*WHAT NEEDS TO BE DONE*: Every entry below should be reproduced exactly; no picture is to be included.
** Opening DATASET RECORDS block **
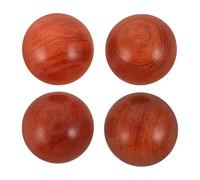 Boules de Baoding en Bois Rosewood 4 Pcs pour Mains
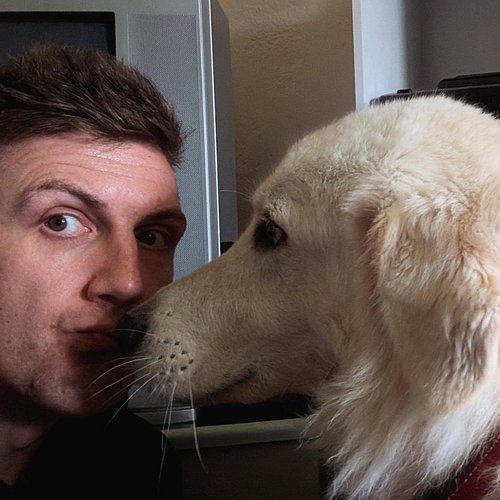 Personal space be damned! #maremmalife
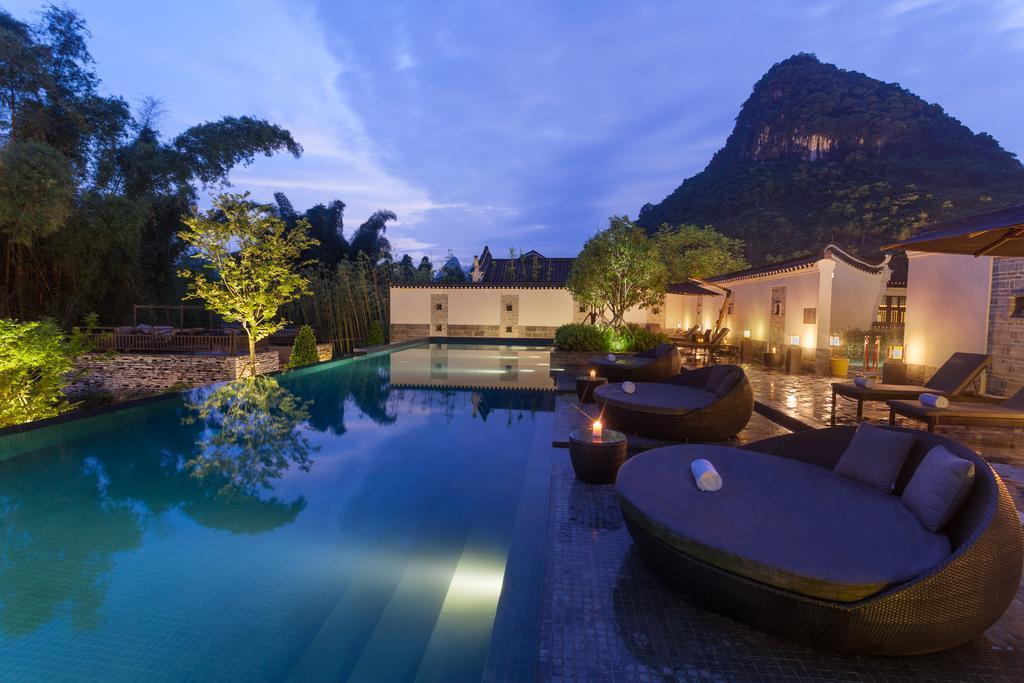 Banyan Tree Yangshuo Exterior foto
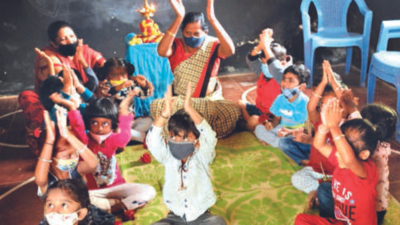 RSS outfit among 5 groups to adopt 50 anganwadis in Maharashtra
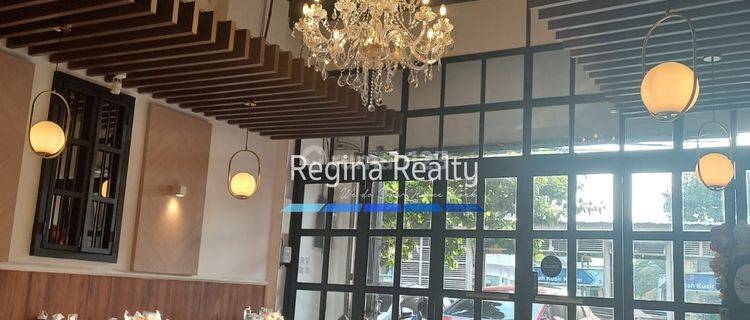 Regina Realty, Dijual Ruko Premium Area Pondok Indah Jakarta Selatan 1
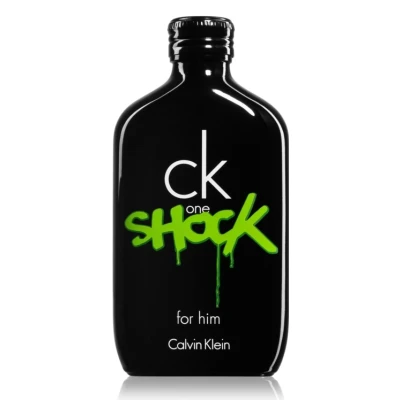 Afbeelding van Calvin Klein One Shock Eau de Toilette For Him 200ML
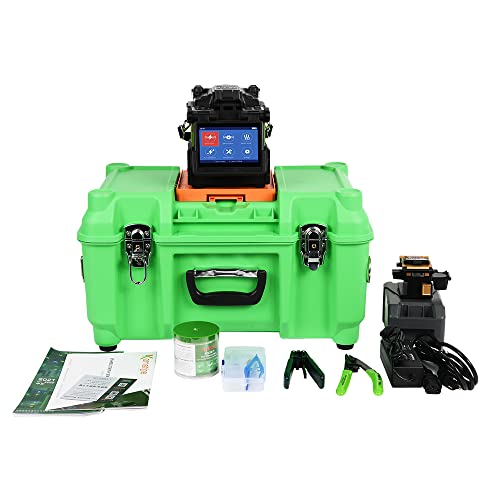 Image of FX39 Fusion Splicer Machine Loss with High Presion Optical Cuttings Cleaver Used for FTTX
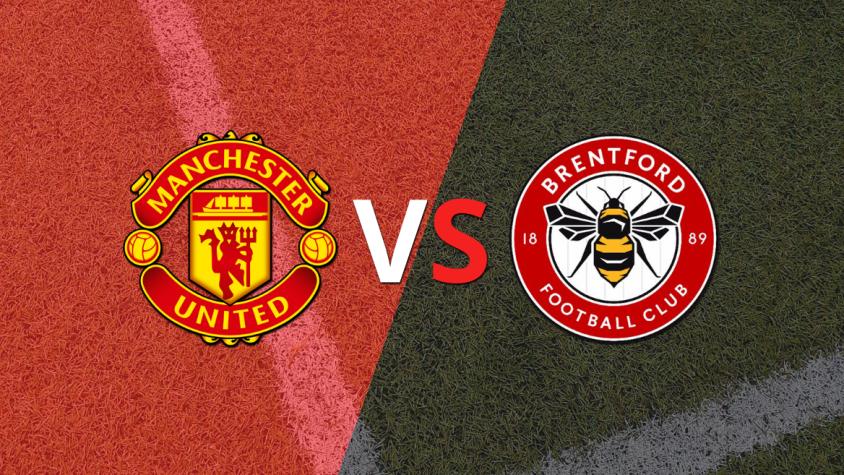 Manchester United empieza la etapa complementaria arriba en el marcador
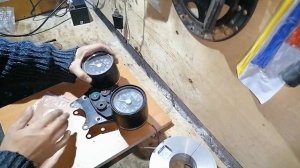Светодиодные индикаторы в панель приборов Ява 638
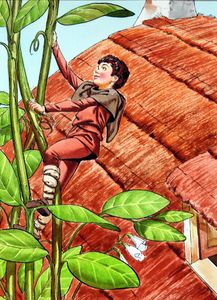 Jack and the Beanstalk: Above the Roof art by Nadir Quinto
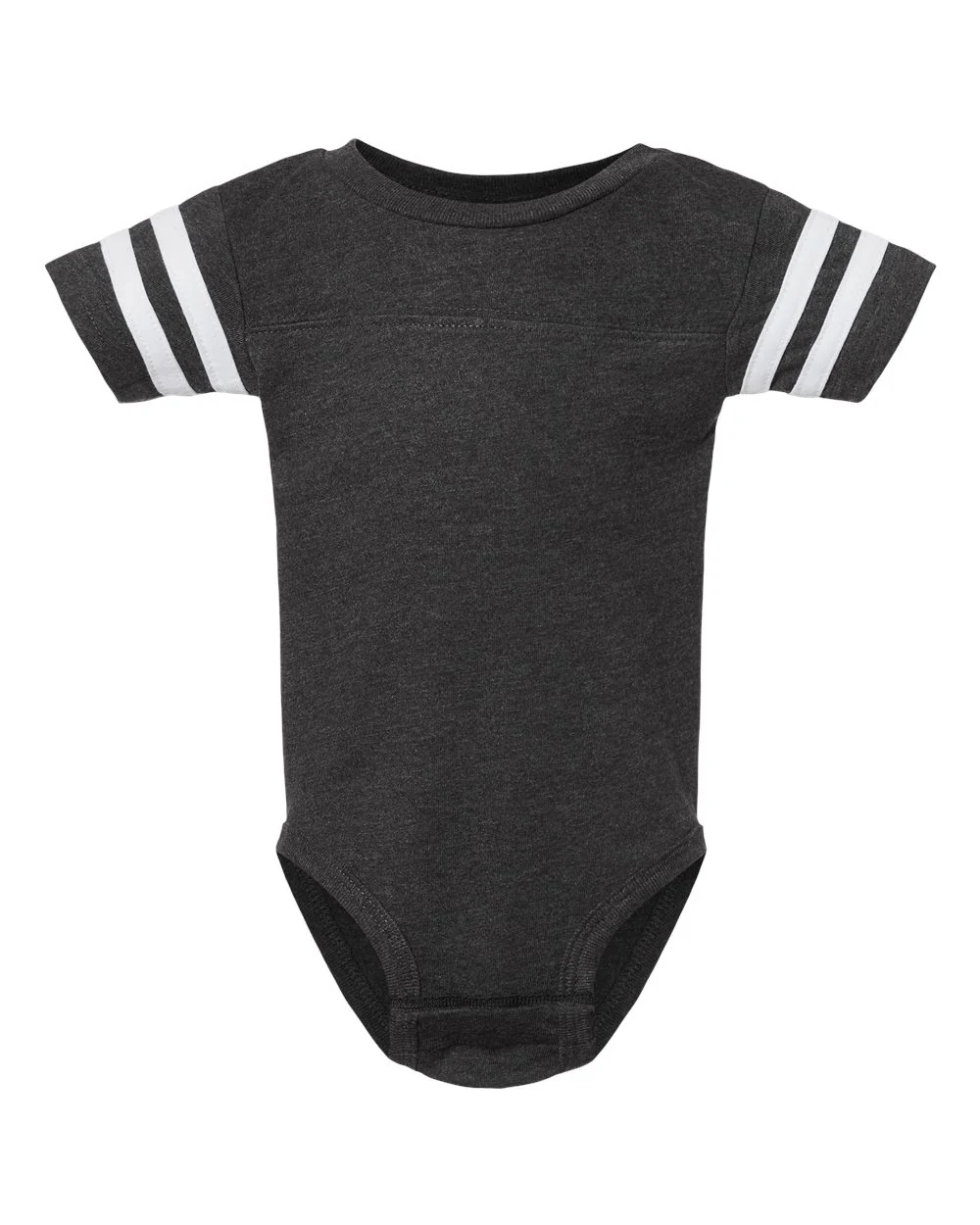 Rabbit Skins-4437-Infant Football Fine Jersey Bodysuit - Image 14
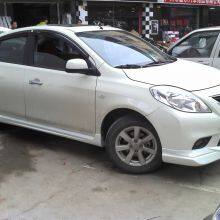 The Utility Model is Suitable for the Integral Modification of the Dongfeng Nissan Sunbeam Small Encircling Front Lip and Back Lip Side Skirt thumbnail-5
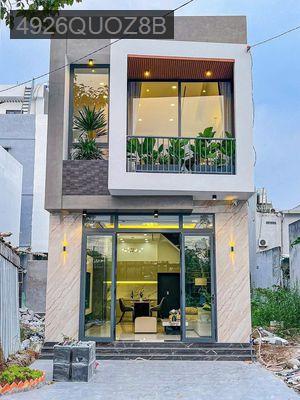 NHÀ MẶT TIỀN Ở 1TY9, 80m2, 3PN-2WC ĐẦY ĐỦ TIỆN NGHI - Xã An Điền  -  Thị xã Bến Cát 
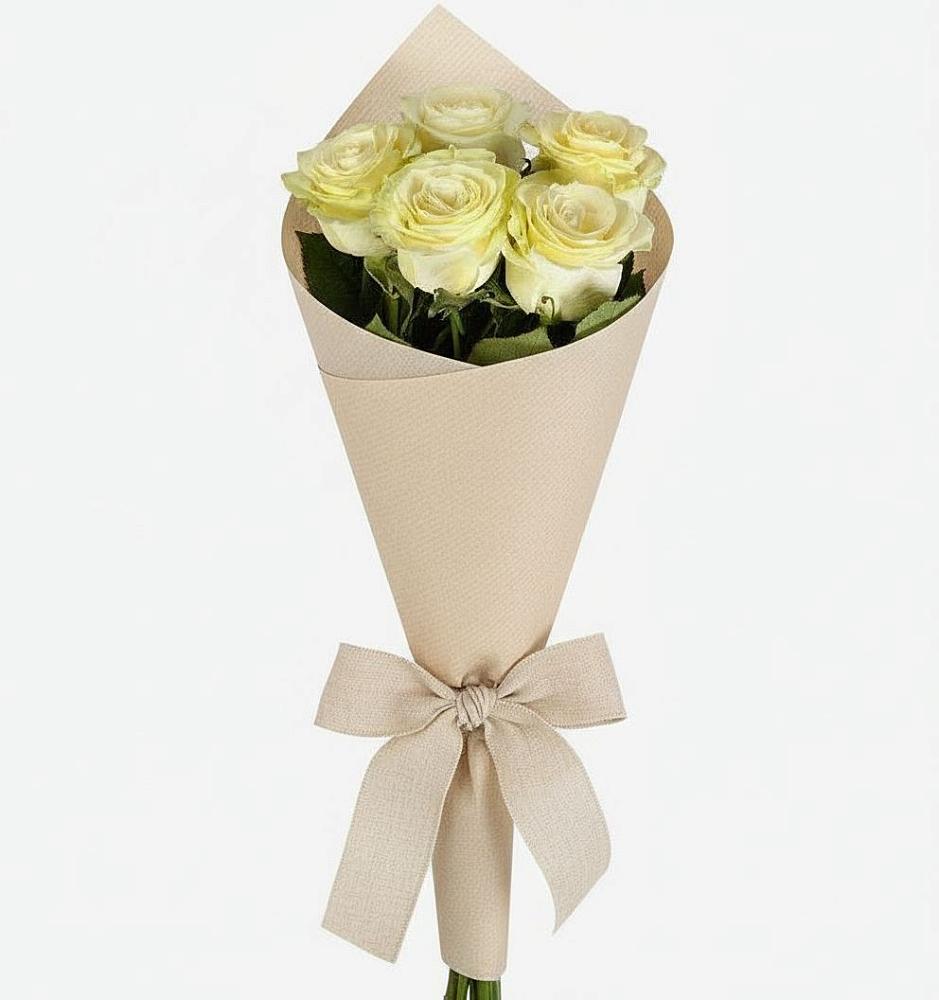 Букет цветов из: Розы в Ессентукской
** Closing DATASET RECORDS block **
*TASK ANSWER*:
 Boules de Baoding en Bois Rosewood 4 Pcs pour Mains
 Personal space be damned! #maremmalife
 Banyan Tree Yangshuo Exterior foto
 RSS outfit among 5 groups to adopt 50 anganwadis in Maharashtra
 Regina Realty, Dijual Ruko Premium Area Pondok Indah Jakarta Selatan 1
 Afbeelding van Calvin Klein One Shock Eau de Toilette For Him 200ML
 Image of FX39 Fusion Splicer Machine Loss with High Presion Optical Cuttings Cleaver Used for FTTX
 Manchester United empieza la etapa complementaria arriba en el marcador
Светодиодные индикаторы в панель приборов Ява 638
 Jack and the Beanstalk: Above the Roof art by Nadir Quinto
 Rabbit Skins-4437-Infant Football Fine Jersey Bodysuit - Image 14
 The Utility Model is Suitable for the Integral Modification of the Dongfeng Nissan Sunbeam Small Encircling Front Lip and Back Lip Side Skirt thumbnail-5
 NHÀ MẶT TIỀN Ở 1TY9, 80m2, 3PN-2WC ĐẦY ĐỦ TIỆN NGHI - Xã An Điền  -  Thị xã Bến Cát 
 Букет цветов из: Розы в Ессентукской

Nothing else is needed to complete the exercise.